Wait, since when is Eliezer transhuman?
Who said he was? If Eliezer can convince somebody to let him out of the box—for a financial loss no less—then certainly a transhuman AI can, right?
Certainly they can; what I am emphasizing is that “transhuman” is an overly strong criterion.
Definitely. Eliezer reflects perhaps a maximum lower bound on the amount of intelligence necessary to pull that off.
Didn’t David Chalmers propose that here:
http://www.vimeo.com/7320820
...?
Test harnesses are a standard procedure—but they are not the only kind of test.
Basically, unless you are playing chess, or something, if you don’t test in the real world, you won’t really know if it works—and it can’t do much to help you do important things—like raise funds to fuel development.
I don’t understand why this comment was downvoted.
Yes, zero call asks a question many of us feel has been adequately answered in the past; but they are asking politely, and it would have taken extensive archive-reading for them to have already known about the AI-Box experiment.

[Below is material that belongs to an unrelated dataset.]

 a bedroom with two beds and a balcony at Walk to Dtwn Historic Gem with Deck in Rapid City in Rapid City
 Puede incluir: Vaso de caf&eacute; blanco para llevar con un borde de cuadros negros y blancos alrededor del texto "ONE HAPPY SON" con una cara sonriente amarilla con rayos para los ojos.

Think before you downvote, especially with new users!
EDIT: As AdeleneDawner points out, zero call isn’t that new. Even so, the downvotes (at −2 when I first made my comment) looked more like signaling disagreement than anything else.
I downvoted the comment not because of AI box unsafety (which I don’t find convincing at the certainty level with which it’s usually asserted—disutility may well give weight to the worry, but not to the probability), but because it gives advice on the paint color for a spaceship in the time when Earth is still standing on a giant Turtle in the center of the world. It’s not a sane kind of advice.

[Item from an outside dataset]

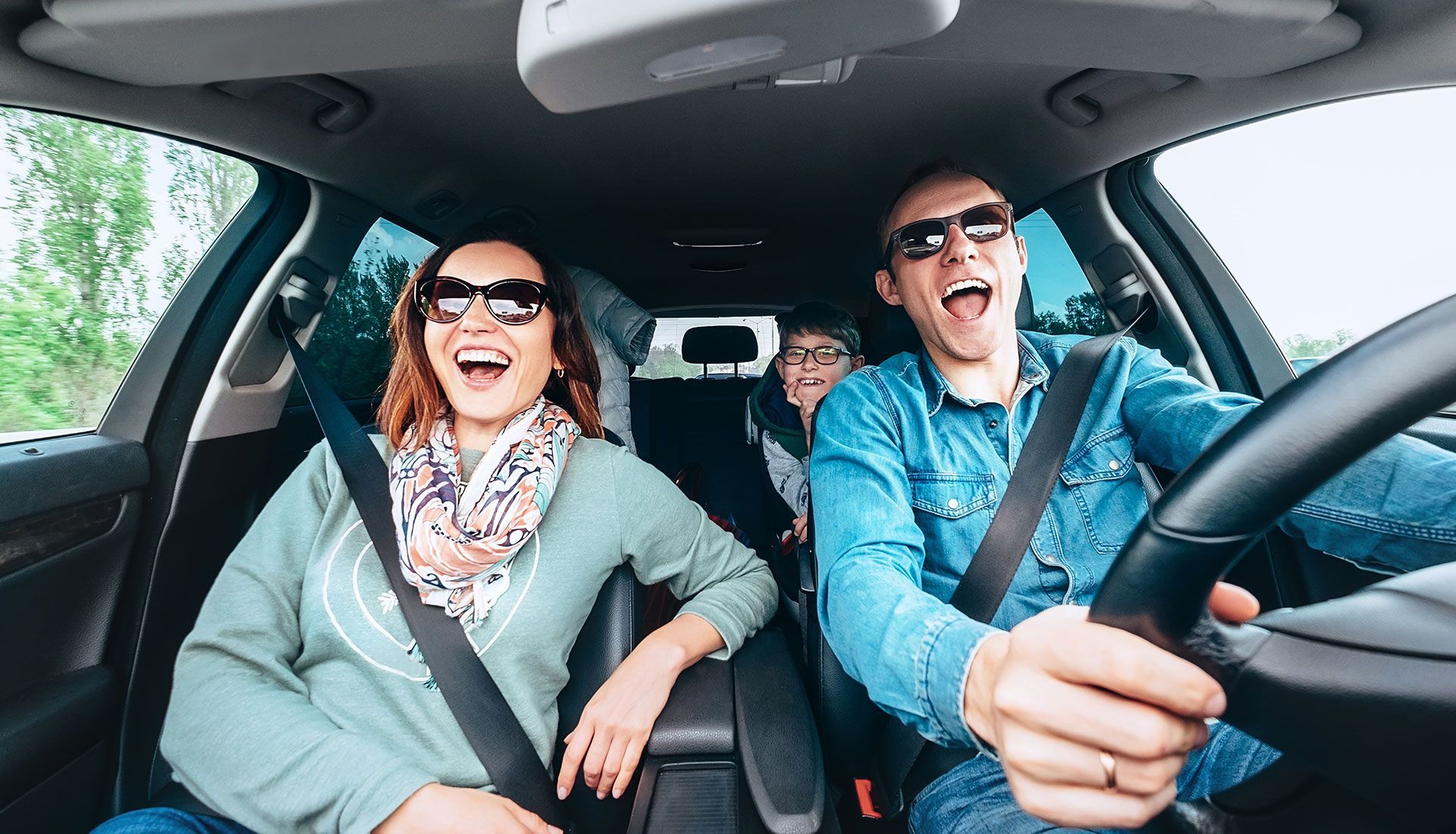 Family in car laughing and wearing sunglasses; front seats in focus.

If I’d never heard of the AI-Box Experiment, I’d think that zero call’s comment was a reasonable contribution to a conversation about AI and safety in particular. It’s only when we realize that object-level methods of restraining a transhuman intelligence are probably doomed that we know we must focus so precisely on getting its goals right.
Vladimir and orthonormal,
Please point me to some more details about the AI box experiment, since I think what i suggested earlier as isolated virtual worlds is pretty much the same as what zero call is suggesting here.
I feel that there are huge assumptions in the present AI Box experiment. The gatekeeper and the AI share a language, for one, by which the AI convinces the gatekeeper.
If AGI is your only criteria without regards to friendliness, just make sure not to communicate with the AI. Turing tests are not the only proofs of intelligence. If the agi can come up with unique solutions in the universe in which it is isolated, that is enough to understand this algorithm is creative.
This just evoked a possibly-useful thought:
If observing but not communicating with a boxed AI does a good enough job of patching the security holes (which I understand that it might not—that’s for someone who better understands the issue to look at), perhaps putting an instance of a potential FAI in a contained virtual world would be useful as a test. It seems to me that a FAI that didn’t have humans to start with would perhaps have to invent us, or something like us in some specific observable way(s), because of its values.
Good thought, but on further examination it turns out that zero isn’t all that new—xe’s been commenting since November; xyr karma is low because xe has been downvoted almost as often as upvoted.